The proposed ALU, in addition to collapsing these interlocks also should be
implemented in identical stages as the conventional ALU’s. A functional model of the
ICALU is assumed initially. The functional model is optimized by optimizing the
model’s individual blocks. The design and optimization of each block is discussed in
separate chapters.
Finally, two parallel machines with and without the ICALU are compared
with regard to their execution times. The effect of variation of percentage interlocks in a
given code on the execution times and the percentage speed ratio of the parallel machines
is studied.
CONTROL UNIT ::
The Control Unit determines the order in which instructions should be executed.
It interprets the machine instructions. The execution of each instruction is determined by
a sequence of control signals produced by the control unit. In other words, the control
unit governs the flow of information through the system by issuing control signals to
different components. For example, to perform an addition operation, it sets the
appropriate signals to appropriate components so that an addition operation results.
ALU ::
The Arithmetic and Logic Unit (ALU) is arguably the most important part of the
CPU. The ALU performs the decision making operations (logical) and arithmetic
operations. Arithmetic operations involve functions such as addition, subtraction,
multiplication and division. It also performs the basic logic functions such as AND, OR,
XOR, and so on. There are a variety of techniques to design these functions. It is most
complex with regard to design, amongst all the components of the computer, and it also
contributes to most of the delay. Thus, the design of the ALU is critical to the speed of
the computer.
REGISTER ARRAY ::
The Register Array consists of a number of temporary storage locations or
registers. Because the registers are often on the same chip and directly connected to the
control unit, they have faster access than memory. The ALU and the register array are
together called as the ‘dataflow’ of the computer
PARALLEL MACHINES ::
An important area in computer architecture is parallel processing. Machines
(computers) employing parallel processing are called parallel machines. A
parallel machine executes multiple instructions in parallel, in one cycle, compared
to a serial machine (discussed so far) that can execute only one instruction. Thus a
parallel machine is faster than a serial machine.

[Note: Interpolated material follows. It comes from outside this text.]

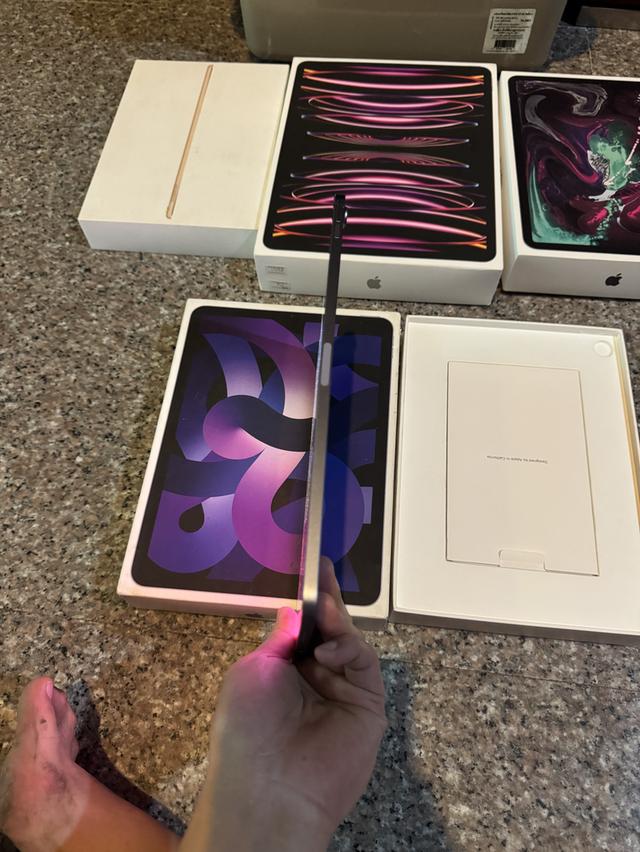 ขายๆๆๆถูกๆๆiPadAir5 M1 สีPurple 64กิ๊ก Wifi Only มีกล่องอีมี่ตรงใช้งานดีทุกๆฟังชั่นสูนTrueทุกๆฟังชั่นรีสโตได้ตลอดไม่มีติดไอคราว Model TH/A ( จอสวยๆขาว 6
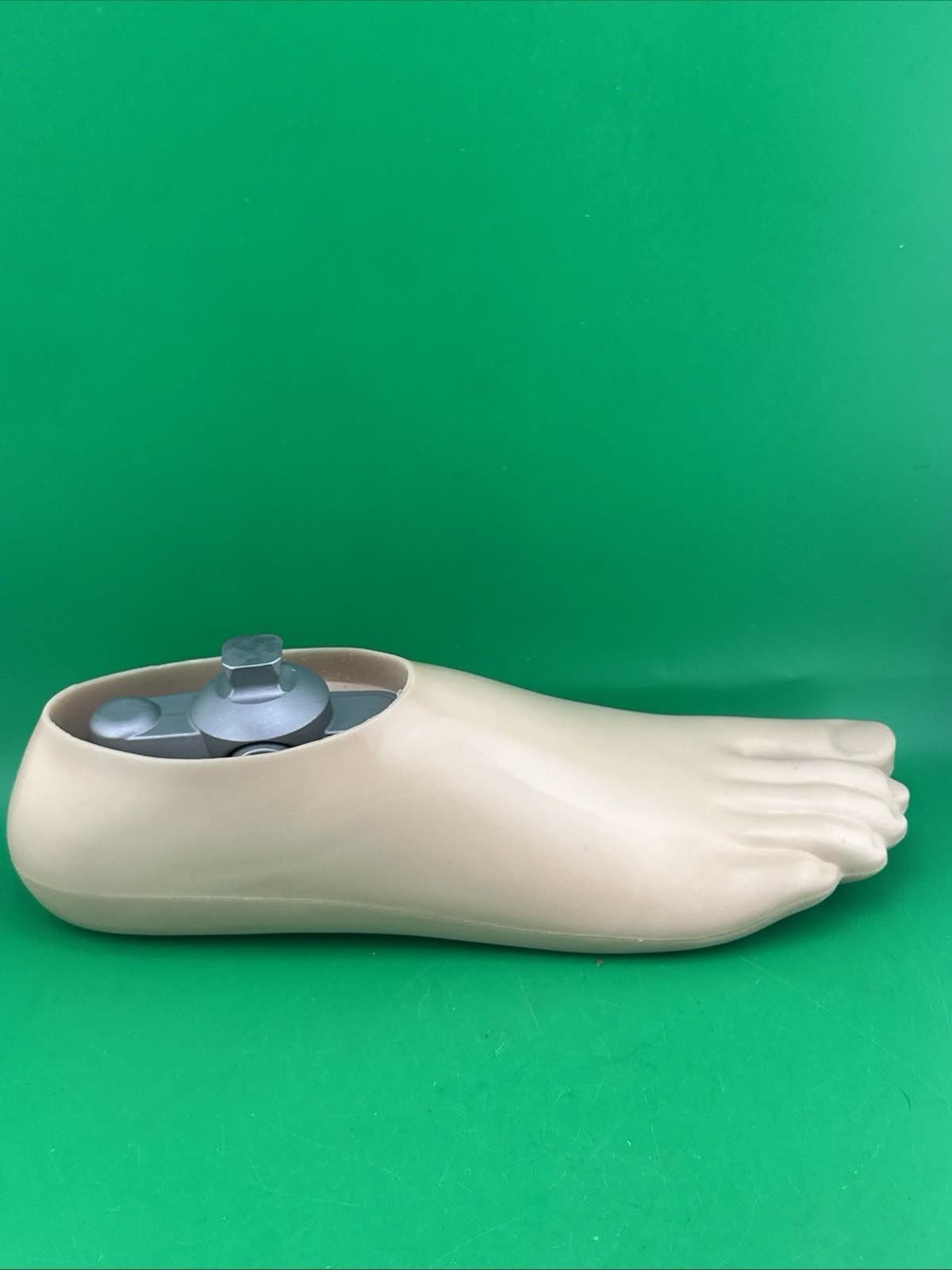 single axis prosthetic foot, left & right, sizes 22-28cm, new, Prosthetic Feet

In a parallel machine, a number of execution units (ALU’s) are connected in
parallel, so that each unit is able to handle an instruction. But for practical reasons
the number is limited to two. For example, if two such units are present in the
processor, two instructions can be handled concurrently resulting in faster
execution. Fig 2.5 shows a simple block diagram of a parallel machine unit.